START Data shown
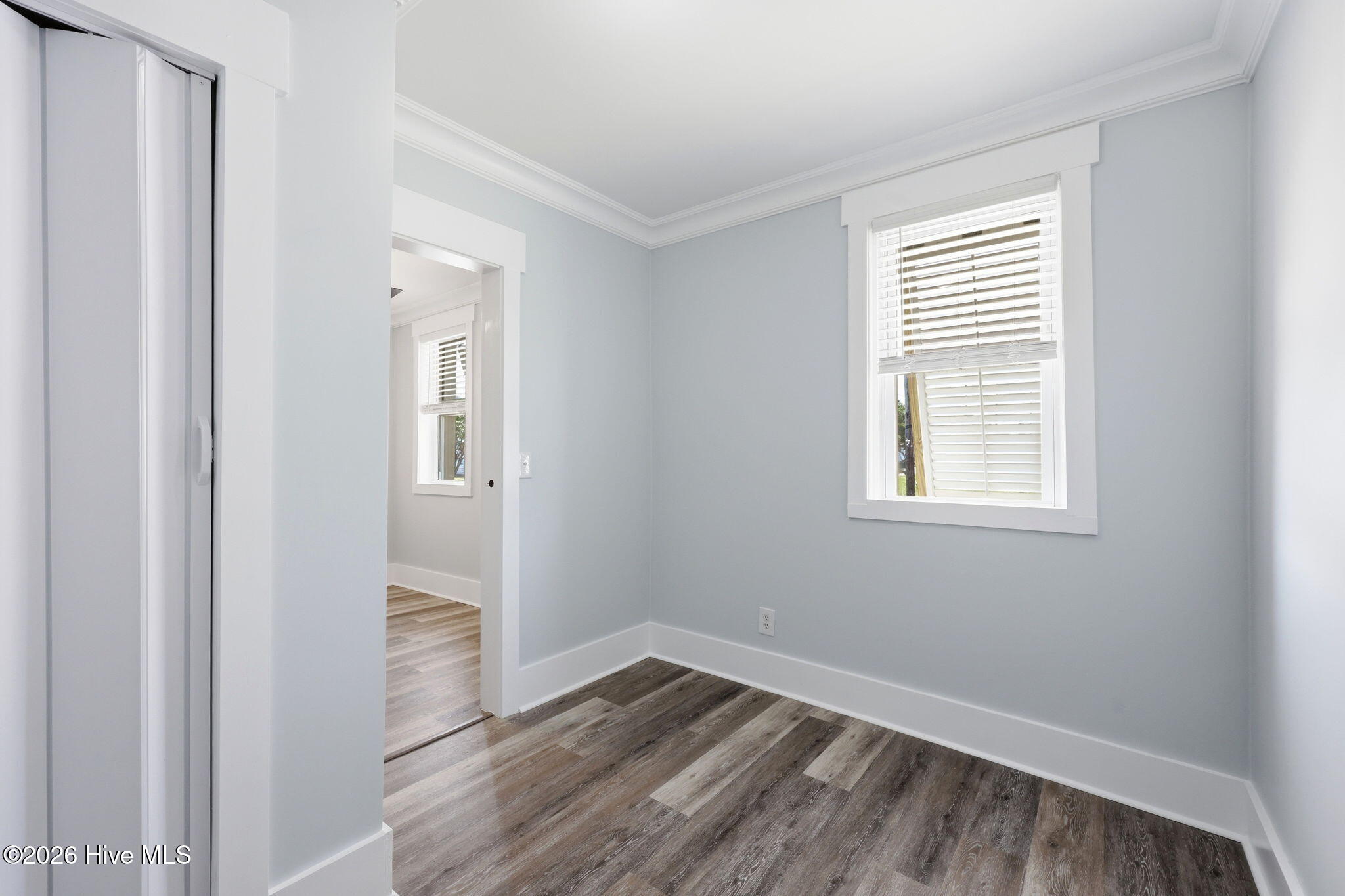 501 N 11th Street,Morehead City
END Data shown
START Data shown
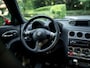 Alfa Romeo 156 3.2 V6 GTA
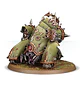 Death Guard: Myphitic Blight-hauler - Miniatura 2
END Data shown
_What this task involves_
Look above for the line with "Alfa Romeo 156 3.2 V6 GTA" and the line with "Death Guard: Myphitic"; set down those two lines and all lines between them exactly, without pictures and without anything else.

_Answer space_
 Alfa Romeo 156 3.2 V6 GTA
 Death Guard: Myphitic Blight-hauler - Miniatura 2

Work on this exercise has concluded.